PI Anders Løland co-PI Ingrid Hobæk Haff
Fraud is expensive, affects common resources and prices and is therefore important to detect and prevent. Soft fraud, the exaggeration of legitimate claims, is quite diffuse and difficult to spot. A sustainable welfare system and efficient insurance operations require implementation of effective measures to limit fraud. Tax avoidance and tax evasion are other important types of fraud. We are also interested in money laundering detection. We develop adaptive tools that use “all data”, including payment logs, relational networks and other available digital records, but under strict privacy protection regulations.
A further objective is to combine the multitude of fraud detection models in an optimal way, taking advantage of the strength of each predictor while blurring away weaknesses, and still obtaining coherent quantifications of the uncertainty in the fraud prediction. A similar objective is the development of new individualised anti-money laundering solutions.
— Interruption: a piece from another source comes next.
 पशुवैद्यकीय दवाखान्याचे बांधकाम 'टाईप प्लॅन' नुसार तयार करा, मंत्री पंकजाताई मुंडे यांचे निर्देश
So far, the detection of suspicious transactions is based on labour-intensive semi-manual approaches and restricted to customers who significantly differ from the norm. Since the volume of banking transactions is steadily increasing, automated, intelligent tools are needed. The aim is to significantly increase the number of correctly identified money laundering transactions.
Ensemble methods for fraud detection
Fraud detection can be seen as a regression/forecasting problem, where fraud (true/false) is the response, possibly with a potential economic loss, and there are very many covariates. Including interactions, the number of covariates is huge. Generally, there are few fraud cases that are investigated, and a great number of undetected cases exist. The objective is to produce a trustworthy probability of fraud for each case. Many statistical and machine learning methods already exist. Combining results produces better results. We construct a toolbox for combining fraud forecasting models, exploiting both the time series aspect of the data and the covariates, in addition to the probabilities stemming from each individual model.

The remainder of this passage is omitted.